昔の人が残した言葉には、長い年月の中で磨かれてきた深い知恵があります。「気は長く 心は丸く 腹立てず 口つつしめば 命長けれ」この一句もそのひとつです。短い言葉ではありますが、その中には、人としての振る舞い方、そして穏やかに生きるための秘訣が丁寧に込められています。
まず、「気は長く」。
焦らず、急がず、人と向き合う。福祉の現場では、まさにこの姿勢が大切です。できることが昨日より少しゆっくりになっても、それは人としての自然な歩みです。寄り添い、待つことも支援のひとつです。次に「心は丸く」。

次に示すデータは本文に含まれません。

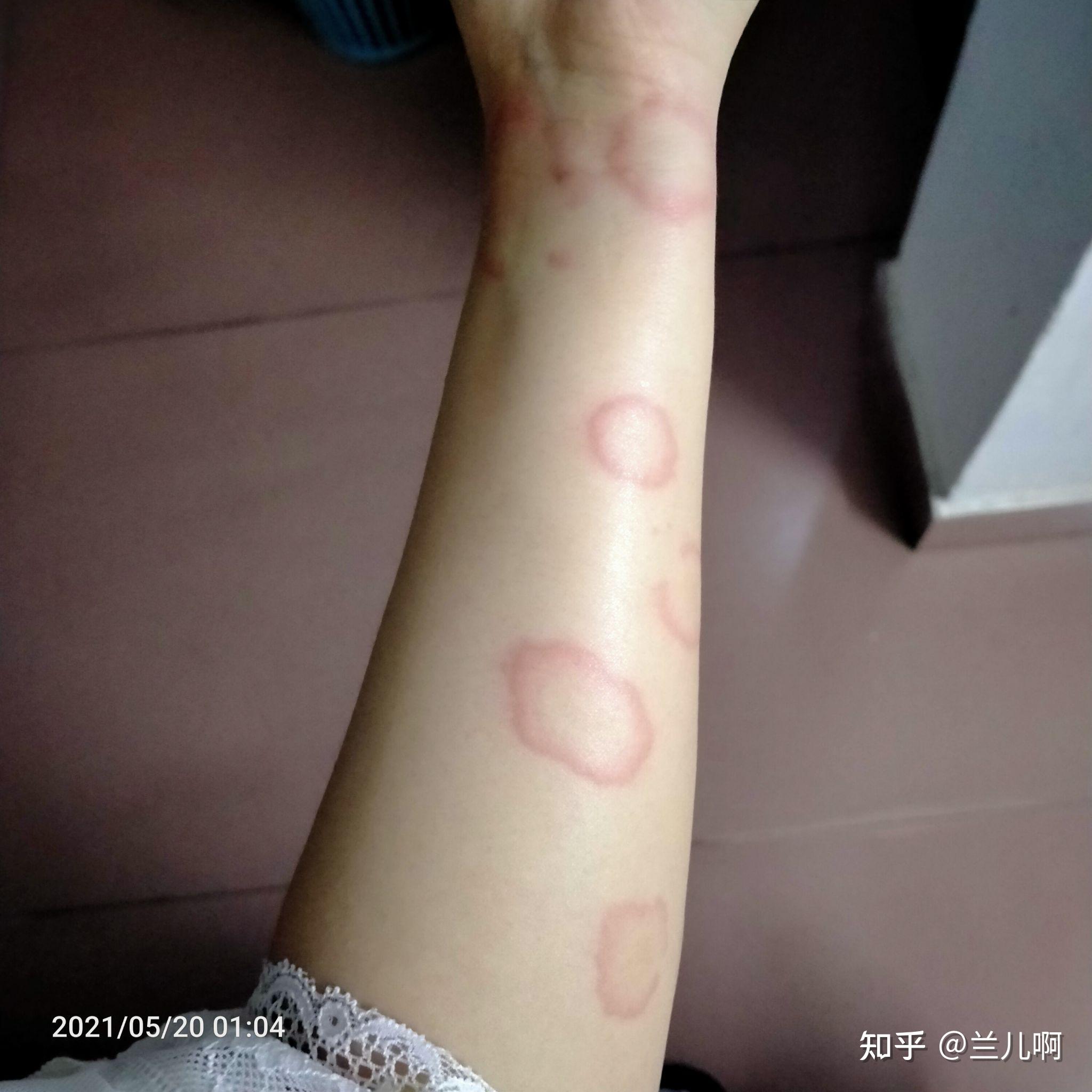 治疗荨麻疹过程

角の立った言葉や態度は相手を遠ざけます。利用者ご家族、地域、職員同士、私たちは多くの関係の中で働いています。相手の背景や気持ちに思いを巡らせ、丸い心で接することが、安心と信頼を育てます。続く「腹立てず」。
思い通りにいかない出来事は誰にも訪れます。けれど、怒りは自分の心の平和を奪い、周囲にも波を広げます。深呼吸一つで変わる空気があることを、私たちは経験から知っています。そして「口つつしめば」。
言葉は目に見えませんが、人を傷つけることも、励ますこともできます。何より、一度発した言葉は取り消せません。だからこそ、言葉には思いやりを添えたいものです。最後にある「命長かれ」。
これは単に寿命が延びるという意味だけではなく、穏やかで満ち足りた人生が送れるという願いの表現と受け取っています。現代社会はスピードを求め、効率を重視します。しかし、人との関わりには、効率では測れない価値があります。だからこそ、この古い教えが今、私たちに静かに問いかけているのかもしれません。